INSTRUCTIONS FOR THE TASK
Your answer must be the lines from the start of the records through the line with "Party and Government", exactly as written, without the pictures.

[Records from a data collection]
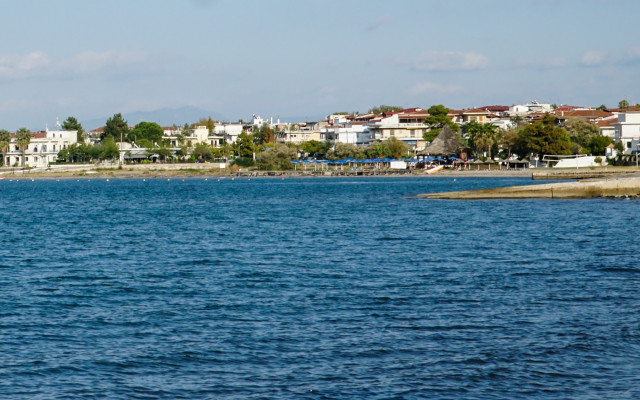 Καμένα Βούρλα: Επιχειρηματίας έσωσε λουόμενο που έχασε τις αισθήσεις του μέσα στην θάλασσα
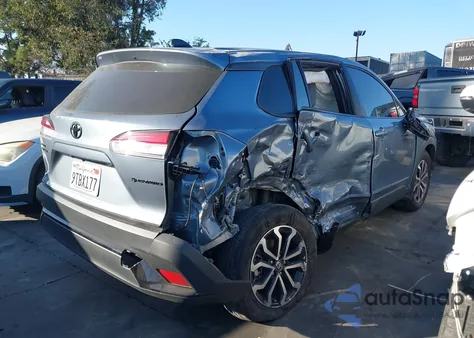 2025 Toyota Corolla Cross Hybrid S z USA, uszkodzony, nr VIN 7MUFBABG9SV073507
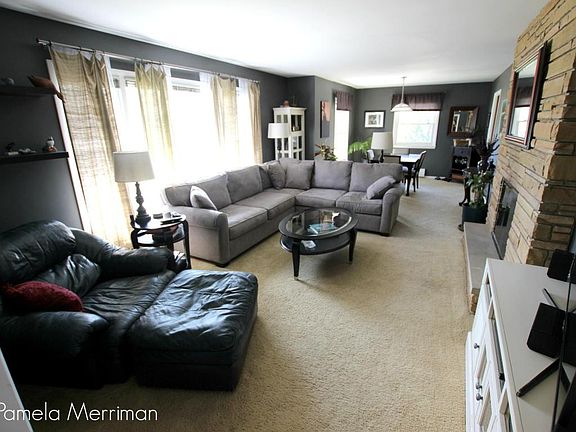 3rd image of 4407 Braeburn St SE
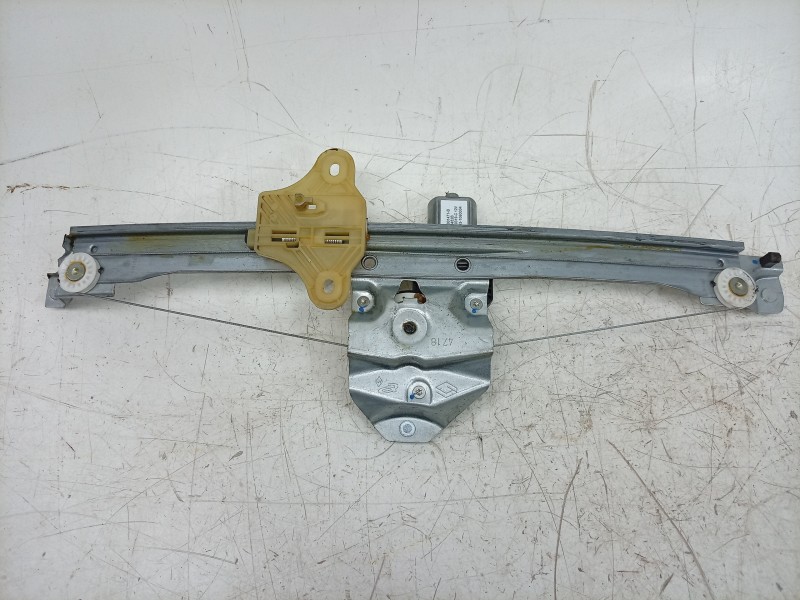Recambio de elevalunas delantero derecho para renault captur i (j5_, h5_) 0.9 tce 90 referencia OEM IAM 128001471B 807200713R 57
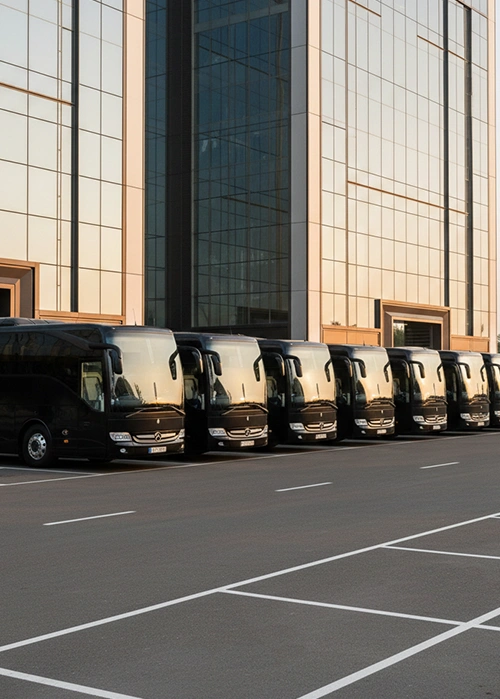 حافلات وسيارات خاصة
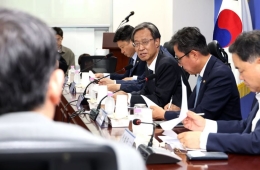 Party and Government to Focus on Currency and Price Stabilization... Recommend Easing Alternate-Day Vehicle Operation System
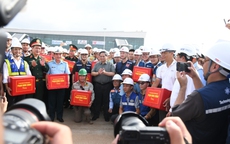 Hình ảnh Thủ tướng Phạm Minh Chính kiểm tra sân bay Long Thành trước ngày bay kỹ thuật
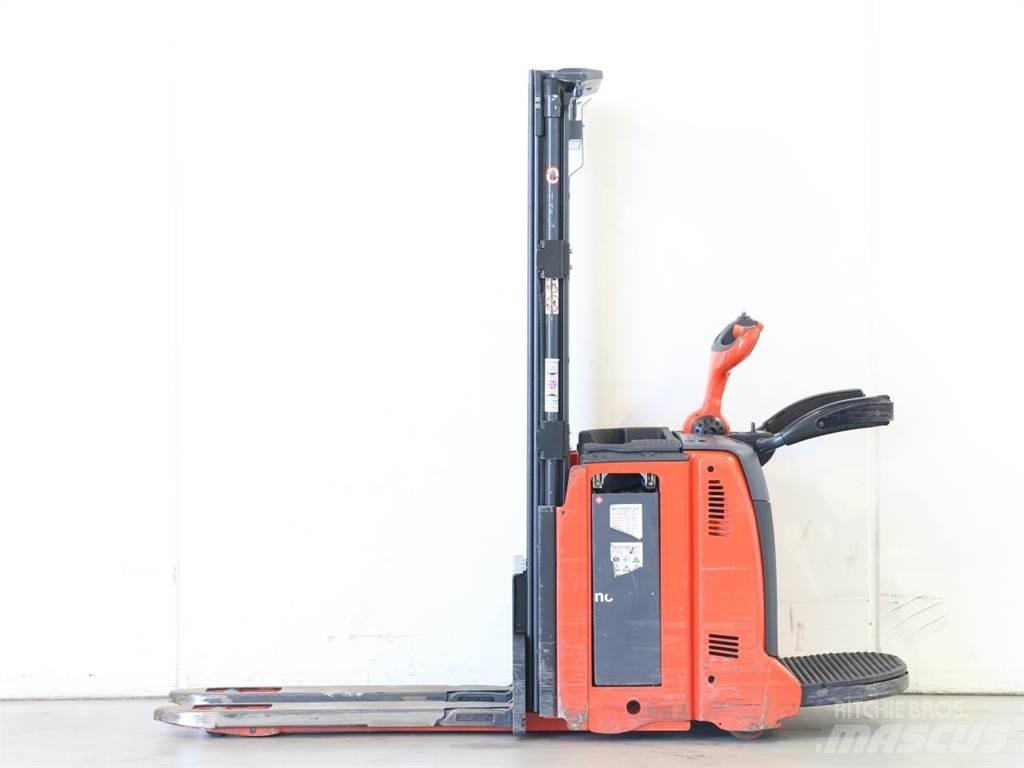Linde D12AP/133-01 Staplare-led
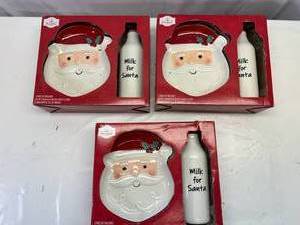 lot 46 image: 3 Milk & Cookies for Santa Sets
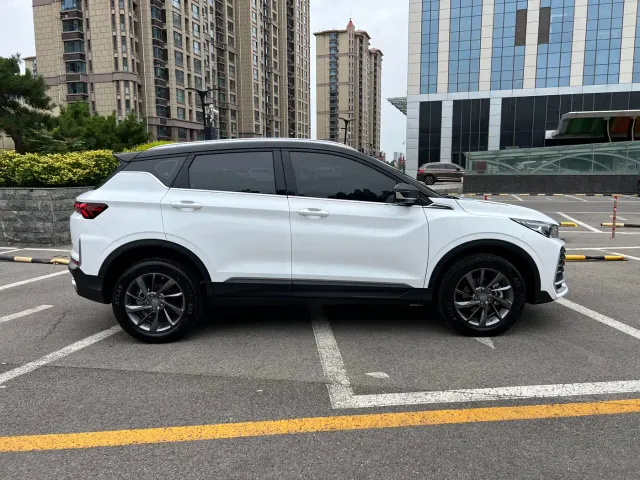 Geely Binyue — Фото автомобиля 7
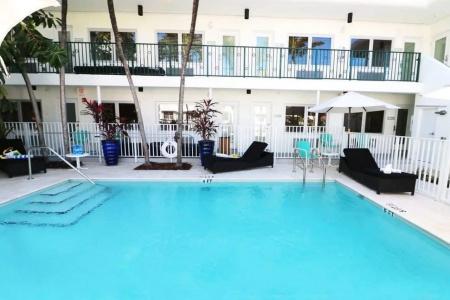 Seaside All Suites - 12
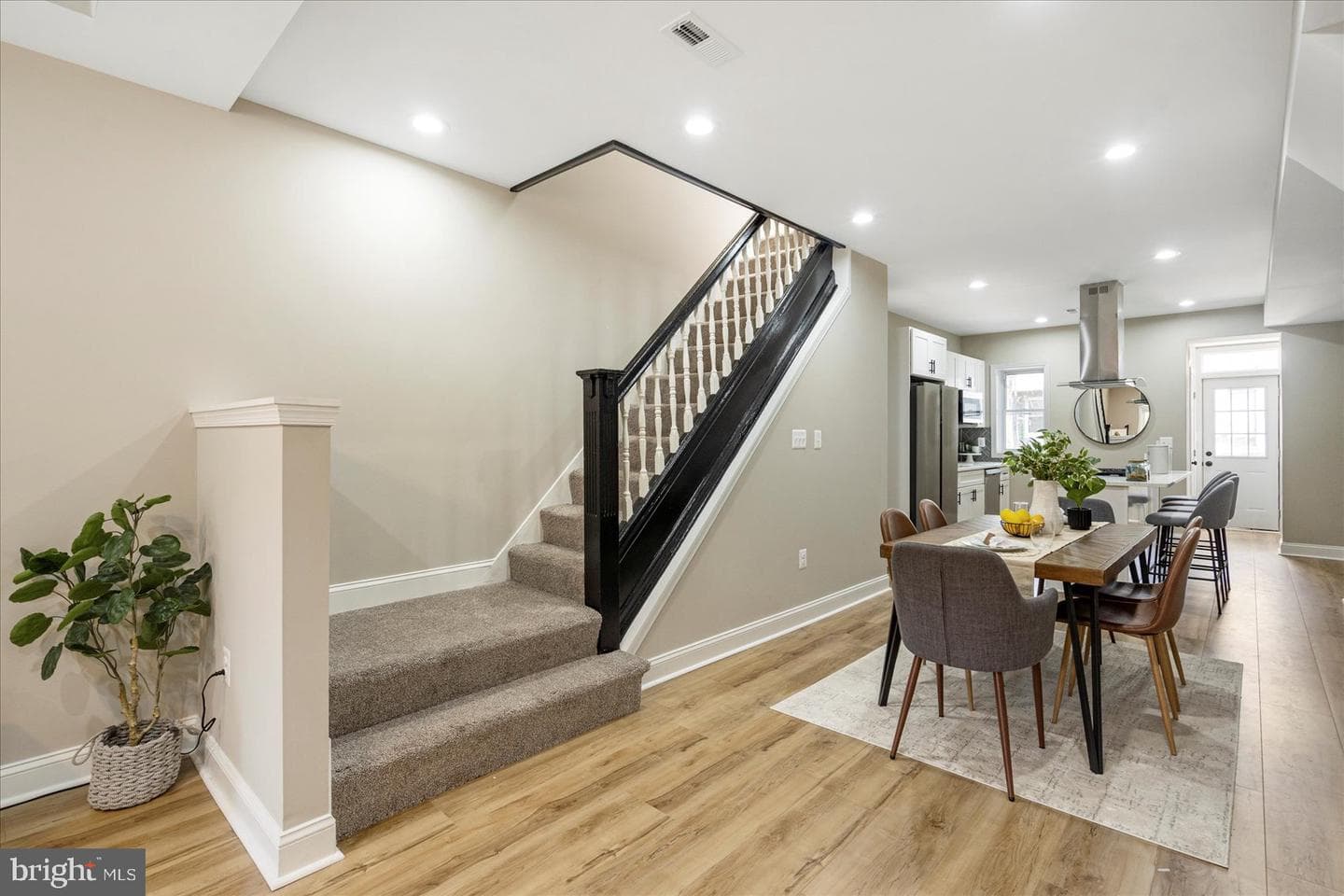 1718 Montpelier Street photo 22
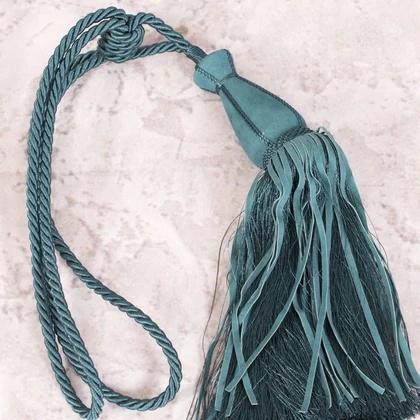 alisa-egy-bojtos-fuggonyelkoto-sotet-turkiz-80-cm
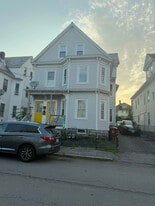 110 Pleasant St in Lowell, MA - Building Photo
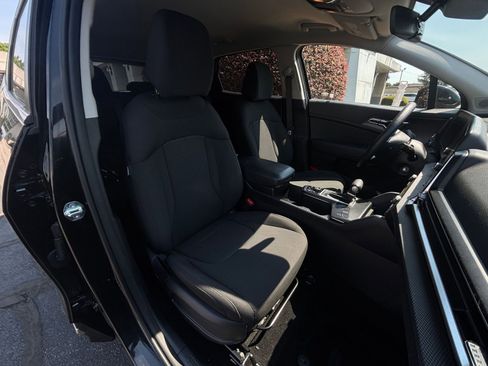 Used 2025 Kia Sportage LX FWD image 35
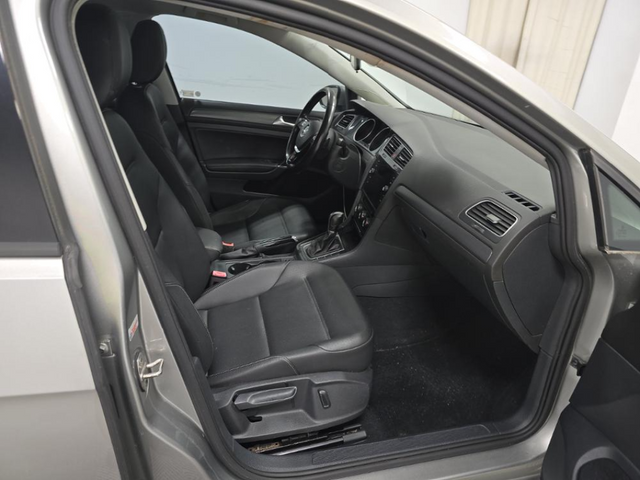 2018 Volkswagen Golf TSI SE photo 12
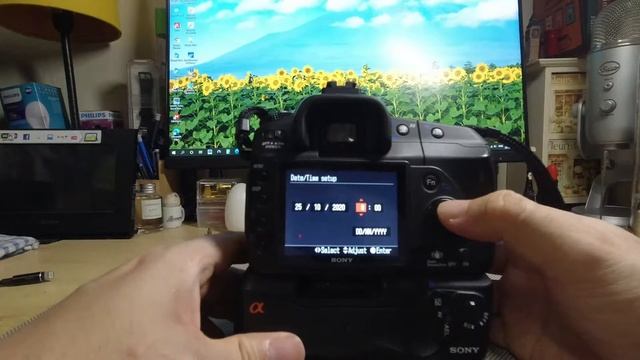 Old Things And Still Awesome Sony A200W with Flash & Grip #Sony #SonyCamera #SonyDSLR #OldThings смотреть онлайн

EXPECTED OUTPUT
 Καμένα Βούρλα: Επιχειρηματίας έσωσε λουόμενο που έχασε τις αισθήσεις του μέσα στην θάλασσα
 2025 Toyota Corolla Cross Hybrid S z USA, uszkodzony, nr VIN 7MUFBABG9SV073507
 3rd image of 4407 Braeburn St SE
Recambio de elevalunas delantero derecho para renault captur i (j5_, h5_) 0.9 tce 90 referencia OEM IAM 128001471B 807200713R 57
 حافلات وسيارات خاصة
 Party and Government to Focus on Currency and Price Stabilization... Recommend Easing Alternate-Day Vehicle Operation System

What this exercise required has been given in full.